Safaricom Foundation in water pact with self-help group

March 22, 2017 3:52 pm
Shares
Members of the Ngogithi Water Project contribute a Sh300 fee every month used in maintaining a 16 kilometre water pipeline as well as fund other water projects identified by the community ranging from contraction of dams to acquisition of irrigation equipment/CFM NEWS

, NAIROBI, Kenya, Mar 22 – The Safaricom Foundation in partnership with a community self help group in Nyeri County is rallying households in Ngonde, Githiriti and Thirigitu villages in Kieni East to partner and ensure steady supply of clean water as the World Water Day is marked globally.

Over the years, the Foundation together with Ngogithi Water Project – founded since 1983 – has undertaken a number of projects to construct and maintain water infrastructure.

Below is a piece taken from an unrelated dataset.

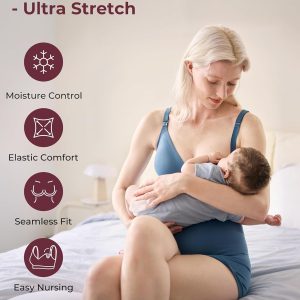 Momcozy CoolFit Nursing Bras for Breastfeeding, Fixed Padding Ultra Stretch Seamless Jelly Strip Maternity Bra, Wireless Nordic Blue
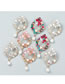 Fashion Pink Alloy Diamond Geometric Drop Earrings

Key among these projects are the contraction of water tanks and piping of water to villages which has seen the Safaricom Foundation donate over Sh8.1 million.

Members of the Ngogithi Water Project contribute a Sh300 fee every month used in maintaining a 16 kilometre water pipeline as well as fund other water projects identified by the community ranging from contraction of dams to acquisition of irrigation equipment.

The community also provides support to projects through provision of labour by helping in trenching, laying of pipes and backfilling.

Such initiatives have been upscaled as the World Water Day is marked globally.

According to a survey Twaweza East Africa titled Half empty of half full? Water, sanitation and hygiene in Kenya, only 62 per cent of rural Kenyans compared to 78 percent of their counterparts in urban areas.

Compared to previous years, there has been a decline in clean water in urban areas over the years as data from the Kenya National Bureau of Statistics (KNBS) indicated that 90 per cent of water in urban areas came from improved water sources in 1990.

In rural parts of Kenya, access to quality water has however increased from 35 percent in 1990 to the current 62 per cent.

One in every four Kenyans in urban areas spend at least an hour fetching water with one in every ten of the rural folks spending a similar amount of time trying to get the vital commodity.

With the cultural dynamics coming into play, the burden of collecting water lies squally on women in 92 per cent of households countrywide.

Overall, 68 percent of the1,741 respondents sampled said they have access to an improved water sources.

The poll also revealed that only 30 per cent of the rural population had access to piped water compared to 53 per cent in urban areas.

Globally according to the United Nations, 1.8 billion people are at risk of contracting cholera, dysentery, typhoid and polio as a result of drinking contaminated water with the use of unsafe water and poor sanitation said to be contributing to up to 842,000 deaths annually.

This year’s World Water Day focuses on the treatment of waste water with the goal to reduce wastage currently estimated at 80 per cent of unclean water.

Water is the Sixth goal under the Sustainable Development Goals (SDGs) which aims at halving the amount of waste water through recycling and reusing by the year 2030.